### Assignment
Leaving pictures aside, restate exactly the lines of the data below, from the first one through the line that contains "Outsunny SUV Car".

### Supplied information
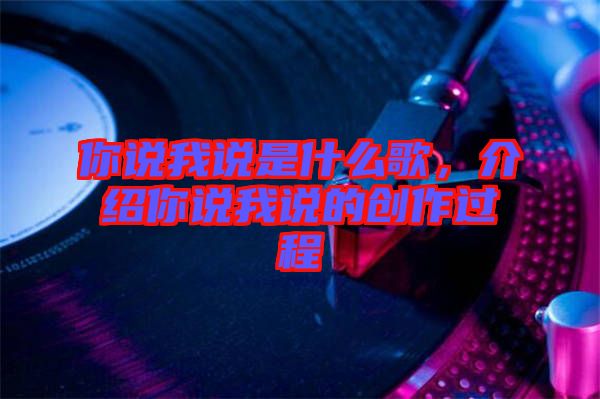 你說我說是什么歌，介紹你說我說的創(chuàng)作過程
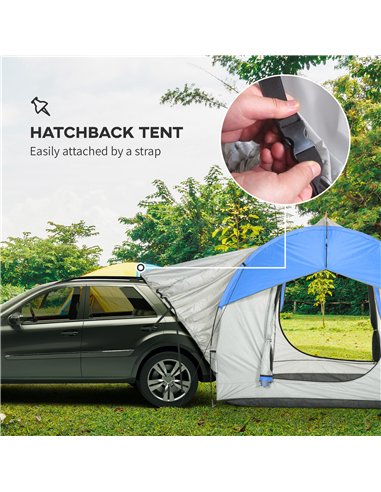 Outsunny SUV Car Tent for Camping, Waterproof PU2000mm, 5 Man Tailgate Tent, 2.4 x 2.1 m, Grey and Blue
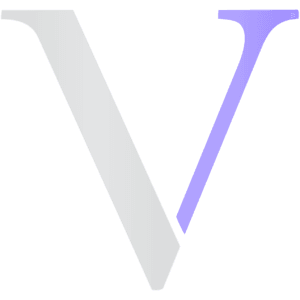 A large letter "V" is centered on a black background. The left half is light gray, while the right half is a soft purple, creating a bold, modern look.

### Task response
 你說我說是什么歌，介紹你說我說的創(chuàng)作過程
 Outsunny SUV Car Tent for Camping, Waterproof PU2000mm, 5 Man Tailgate Tent, 2.4 x 2.1 m, Grey and Blue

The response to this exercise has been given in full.